同申努达这位科普特神父进行的半吊子不同,耶路撒冷王国这边的帕拉丁,在进行战前弥撒的时候,士兵们却就要虔诚、积极、热情的许多。
事实上,对于耶路撒冷王国而言,战前弥撒已经不只是鼓舞士气的作用。
实质上也是帕拉丁与军官群体,了解士兵情况的途径。
同埃及方画虎类猫的生搬硬套过去随军神父不同,耶路撒冷王国的帕拉丁,更接近于榜样,强调的以身作则。
在战斗过程中,是要带头冲锋的。
若非这年头,大多数战斗,伤亡都不算惨重,在有着厚重盔甲的保护下,能免去大多数伤势,帕拉丁带头冲锋这个事,怕不是会导致帕拉丁数量不够用。
对于士兵们来说,精神上的导师,同时也是战斗中的兄弟,这样的信仰,就格外的有力量,有说服力。
……
当日夜里,申努达自己铺盖里爬出来,打算去一旁野地里拉个屎,在和门口的卫兵招呼了一声后,便离开了营地。
虽然说如果真按照军团的规矩,厕所是要规划好,是放在营地内的,并且在填满之前就要将粪坑掩埋,或者挑走,由人定期打扫。
可在真正落实的时候,那地方只能说相当的有味道。
因此,对于神父这样,有一定身份,不会被军营里规矩约束的人来说,还是希望能在一个空气清新的地方解决生理需求。
然后,紧接着,他便看见大伙的黑影,从他所在的这片灌木左右穿行了过去。
就在他打算喊什么的时候,突然意识到还是自己的小命更重要,因此紧紧捂住自己嘴巴。
就蹲在野地里,看着自己先前住着的营地,燃烧起熊熊烈火,周围传来各种厮杀、战吼与惨叫。
被吓傻了的他,甚至不敢在这种混乱的场景里站起身,生怕被什么杀红眼的家伙一刀剁了。
也不知道多少时间过去,直到这个空虚的营地,渐渐没了反抗的动静,混乱的处境才算结束。
等到这个时候,他也没必要去擦自己屁股。
可就在他想站起来的时候,却发现已经站不起来了实在是双腿蹲麻了。
“有人吗?能扶我一下吗?”
迫不得已中,神父向周围发起了呼救。
这才引起耶路撒冷士兵的注意。
当士兵们围过来,将神父包围起来的时候。
神父感觉自己经历了人生的至暗时刻。
第434章 科普特 科普特
埃及的四月,对于当地人来说,是一年中最宜人的时节,气候温和,万物复苏,既有北方地中海吹来的凉风,也开始感受到南方沙漠热浪的先兆。
但对于异乡人而言,又似乎有些燥热。
塞巴斯蒂安擦了擦自己额头的汗水,作为一名英格兰人,即便在埃及已经生存两年,可他依旧不适应这里的气候。
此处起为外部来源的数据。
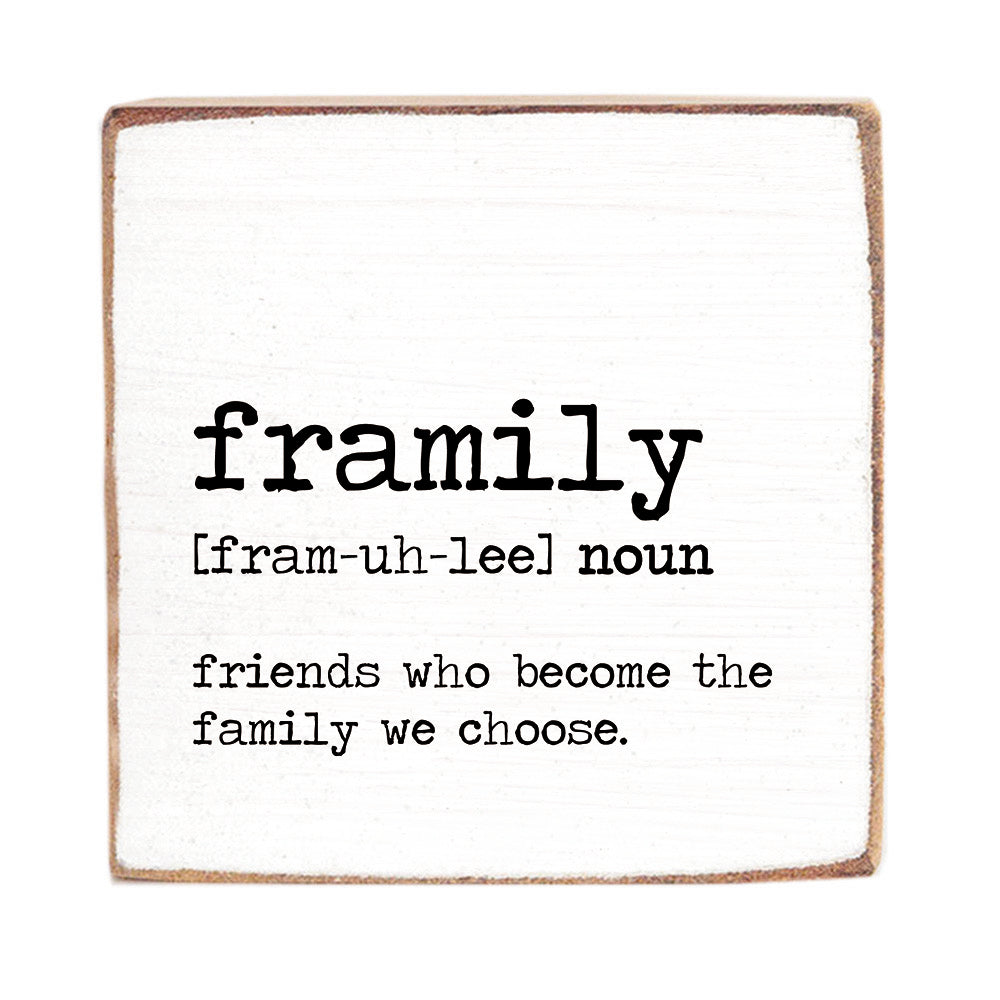 A decorative wooden block with the definition of 'framily' printed on it, indicating it's a noun and friends who become the family we choose. Available at Be Charmed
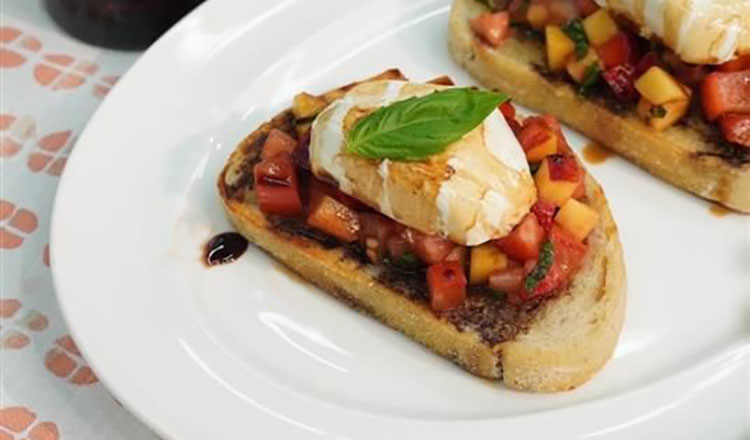 Balsamic Vinegar of Modena bruschette with fruit and burrata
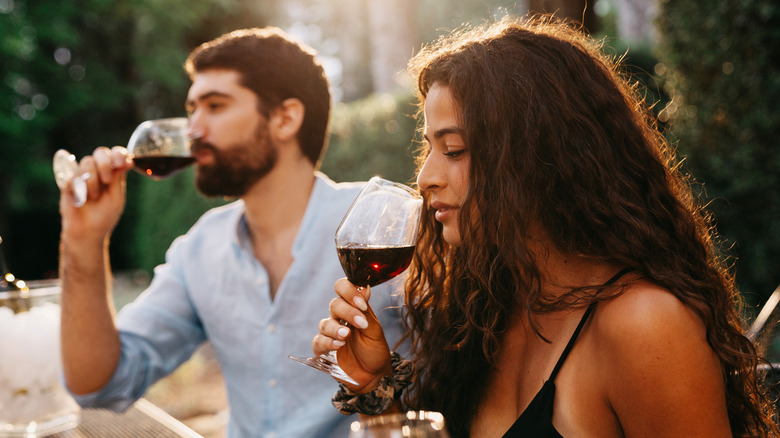 man and woman tasting wine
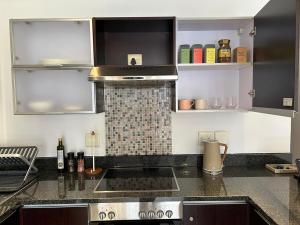 The Rockwell 1BR and OneFlow Yoga Club Access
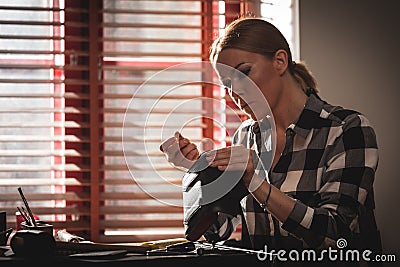 Leather handbag craftsman at work in a vintage workshop. Small business concept Stock Photo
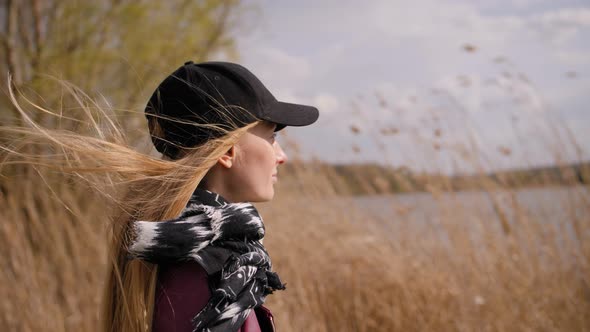 Portrait of Woman Standing on the Wind. SLOW MOTION . Windy Weather, Autumn or Spring. alt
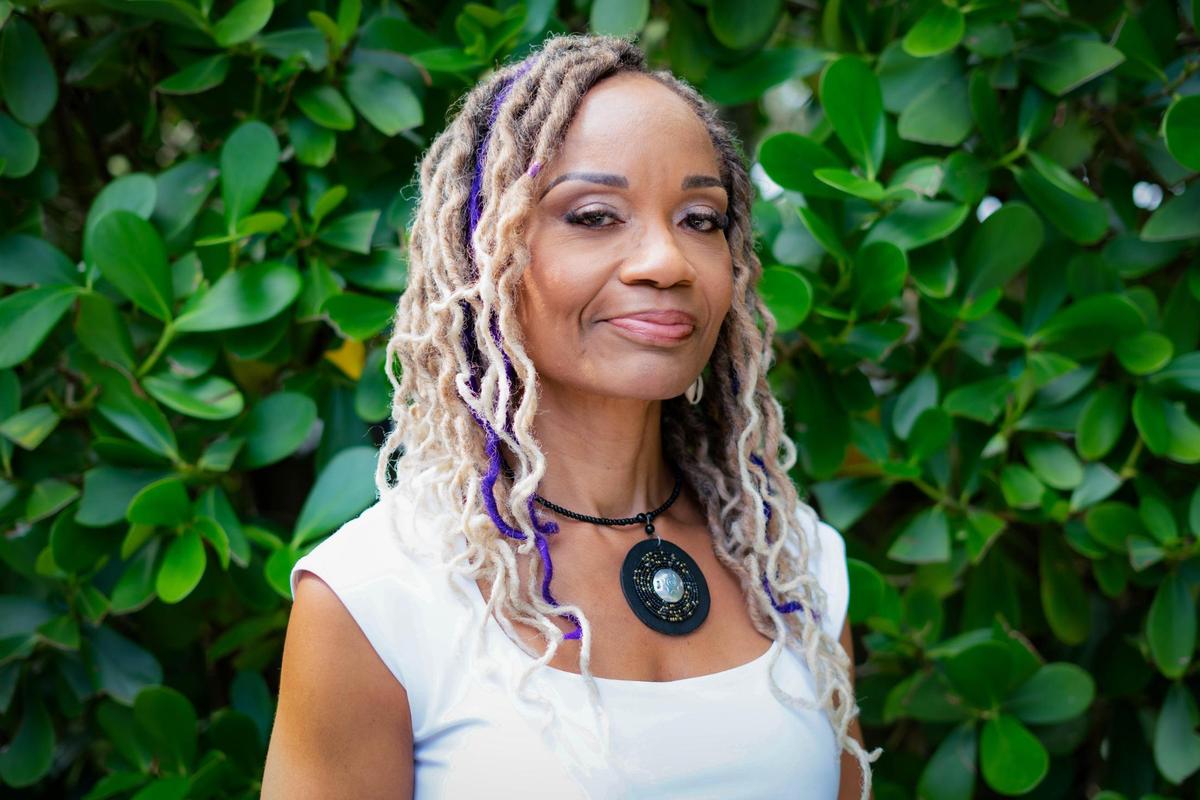 South Florida People of Color founder Roni Bennett poses at her home on Friday, Oct. 30, 2024, in Miami, Fla.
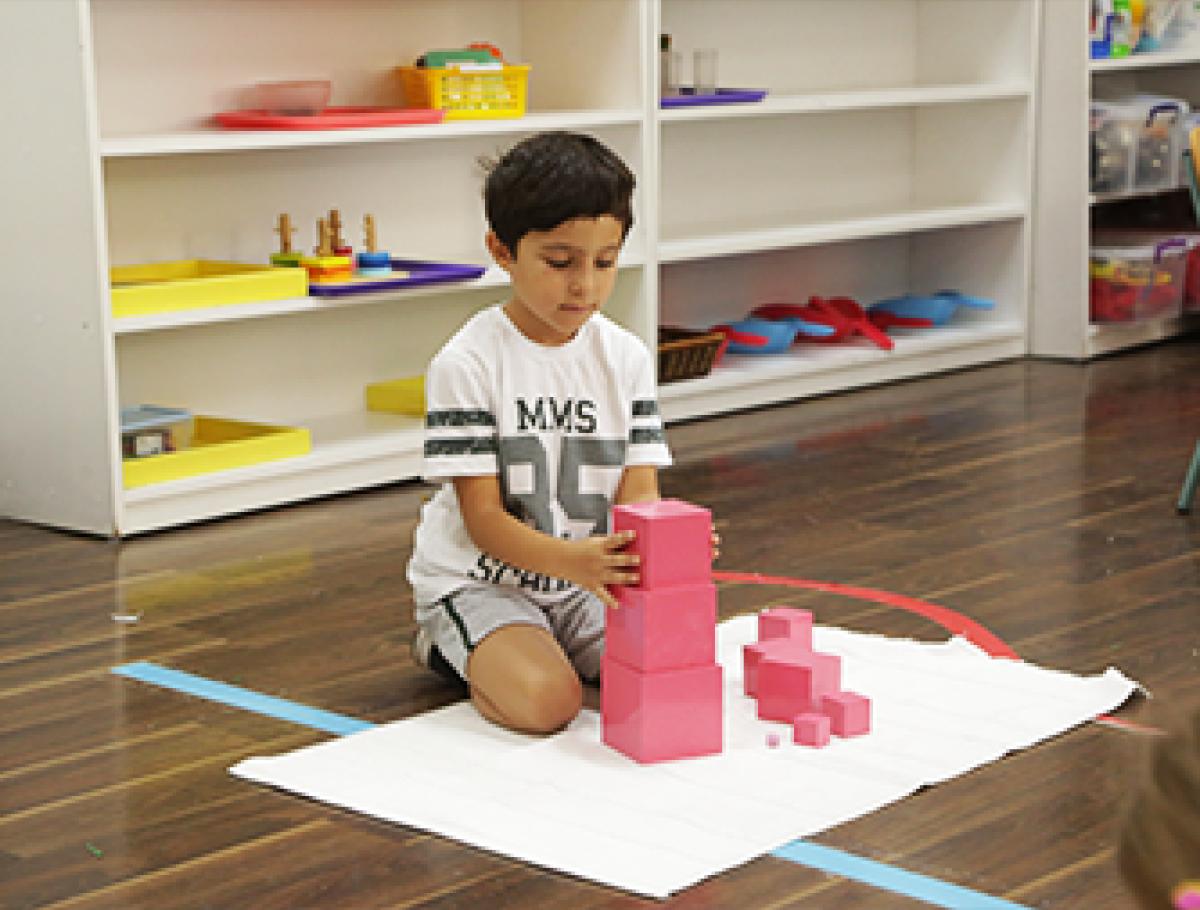 Student using building blocks in the classroom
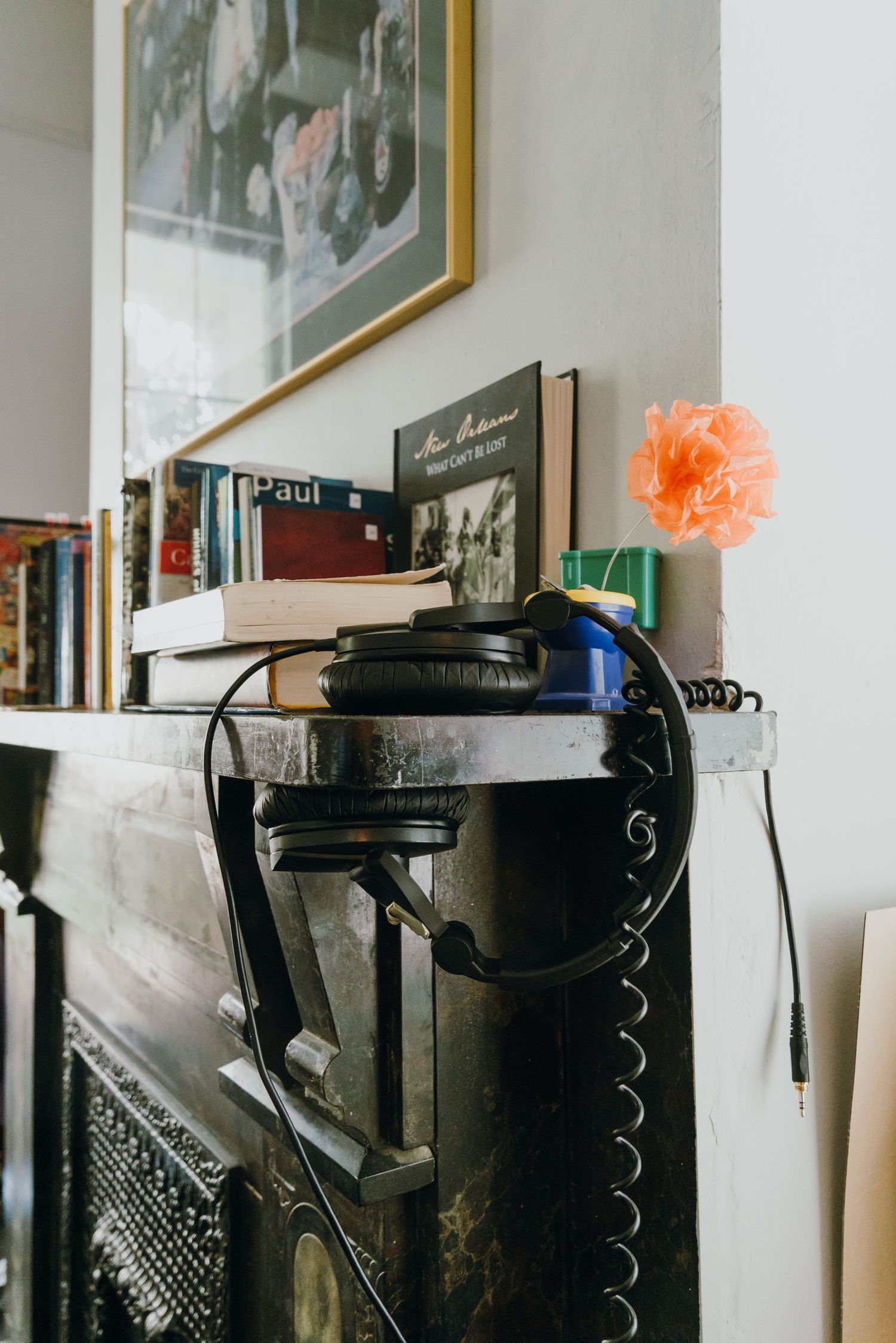 Vintage piano topped with headphones, stacked books, and an orange flower in a cozy home setting.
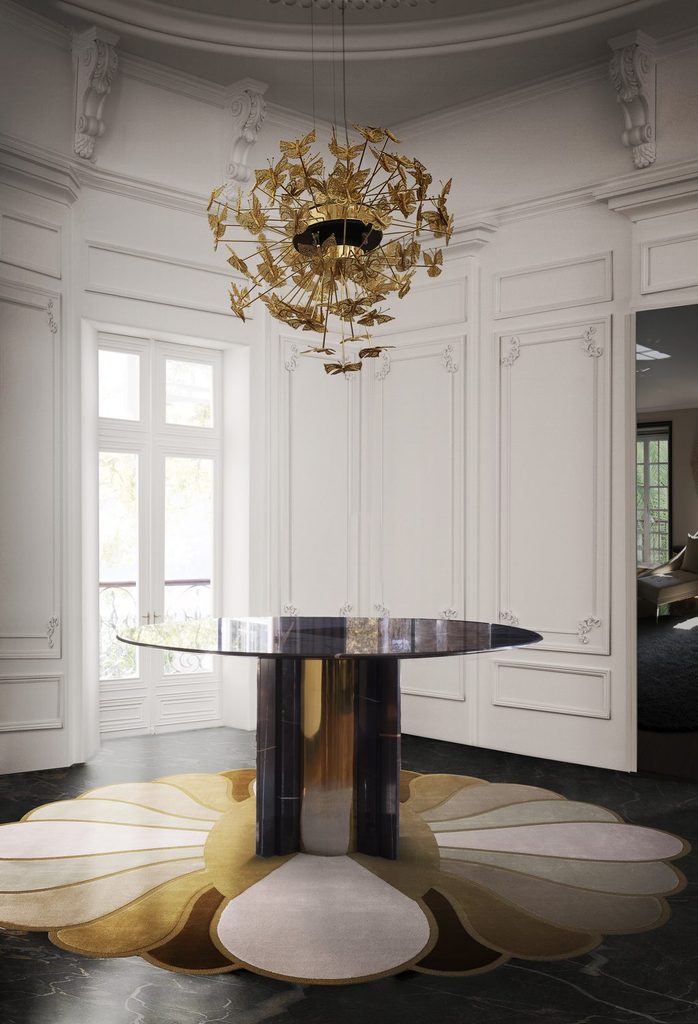 Gold butterfly chandelier above a round table in an elegant entryway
确实,常年的阳光比之阴雨连绵要好上许多,可总归过犹不及。
干燥的空气,与炙热的光,早就叫他嘴唇开裂,皮肤黝黑起来。
现如今,他即便是去妓院里找些女孩,感受对方软嫩的唇瓣时,都不免在对方眼神里感受出嫌弃的意味。
但有什么办法呢?
他能仅仅因为一点气候的原因,就放弃在埃及的百夫长地位,转而乘坐热那亚的船,穿越上千里格的海路回到英格兰吗?
埃及虽是一片火热的土地,不仅有着烈日在上,还有着刁民在下。
但在这里,他终归是能一年拿到百多金币的收益,退伍后也能领到块属于自己的乡村采邑。
至于英格兰,那可没有他的容人之所。
作为家庭里的次子,继承家业有兄长,便是去教堂当神父也都有自己弟弟。
真要死皮赖脸留在家乡,虽然说不至于饿死,可也不会有什么出路。
除非恰巧能谈到一个家中男嗣死光的贵族小姐,否则就不可能弄到领地,只能一辈子替兄长打杂。
那种生活,倒不如死了算逑。
这样漫无目的的抱怨中,对塞巴斯蒂安来说已是日常。
纵然现在他在和同僚以及部下们,一同沿着尼罗河的支流河畔行军,也是如此。
可抱怨终究是有头的,眼前的景象也从始至终没什么变化,无非是一望无际的麦田郁郁葱葱,以及河水在奔流不息。
为了打发这无聊的闲暇时光,他转头朝自己同僚问道:
“纳赛尔,你知道人生的幸福是什么吗?”
纳赛尔有些不太想回答,他总不能说,自己人生的幸福,就是看着埃及军团里的英国佬或者法国佬,一个个被开膛破肚,然后活着的法兰克人,圆润的从埃及滚开吧。
“塞巴斯蒂安大人,我人生的幸福,就是为了真正的信仰服务啊!要将邪恶的异端信仰从这片古老土地上策底根除,恢复古老而正确的教会!”
塞巴斯蒂安听了后,笑了笑后提了个问题:“也包括科普特教会?”
在他印象里,纳赛尔大概就是亚历山大港那边的科普特信徒,或者说出身于科普特群体。
否则一个埃及本地人,刚皈依天主教的原穆斯林,不太可能对基督教的各种常识或礼仪,了解的那么深入。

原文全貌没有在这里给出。